Paired-end reads were sequenced by using Illumina HiSeq system (Illumina, San Diego, CA). In total, about 23.7 million high-quality clean reads were generated with adaptors trimmed. Aligning, assembly, and annotation were conducted by CLC de novo assembler (CLC Bio, Aarhus, Denmark), BLAST, GeSeq (Tillich et al. 2017), and GENEIOUS v 11.0.5 (Biomatters Ltd, Auckland, New Zealand). To confirm the phylogenetic position of D. oliveri, other thirteen species of Dalbergieae with Fabaceae family from NCBI were aligned using MAFFT v.7 (Katoh and Standley 2013). The Auto algorithm in the MAFFT alignment software was used to align the sixteen complete genome sequences and the G-INS-i algorithm was used to align the partial complex sequences. The maximum likelihood (ML) bootstrap analysis was conducted using RAxML (Stamatakis 2006); bootstrap probability values were calculated from 1000 replicates. Lupinus albus (KJ468099) and Lupinus westianus (MG252262) were served as the out-group.

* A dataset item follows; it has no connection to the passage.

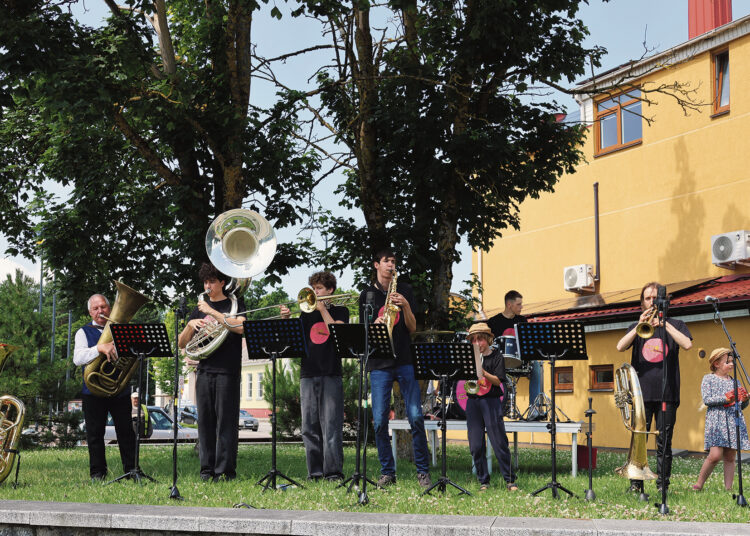Dešimt kūrybos metų – muzika, žmonės ir istorijos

The complete D. oliveri plastid genome is a circular DNA molecule with the length of 156,750 bp, contains a large single copy region (LSC) of 85,866 bp and a small single copy region (SSC) of 19,510 bp, which were separated by a pair of inverted repeats (IR) regions of 25,687 bp. The overall GC content of the whole genome is 35.9%, and the corresponding values of the LSC, SSC, and IR regions are 33.4%, 28.8%, and 42.8%, respectively. The plastid genome contained 127 genes, including 82 protein-coding genes, 8 ribosomal RNA genes, and 37 transfer RNA genes. Phylogenetic analysis showed that D. oliveri and other species of Dalbergia genus clustered in a unique clade in Dalbergieae with Fabaceae family (Figure 1). The determination of the complete plastid genome sequences provided new molecular data to illuminate the Fabaceae family evolution.

Figure 1.

The maximum-likelihood tree based on the fourteen chloroplast genomes of Dalbergieae with Fabaceae family. The bootstrap value based on 1000 replicates is shown on each node.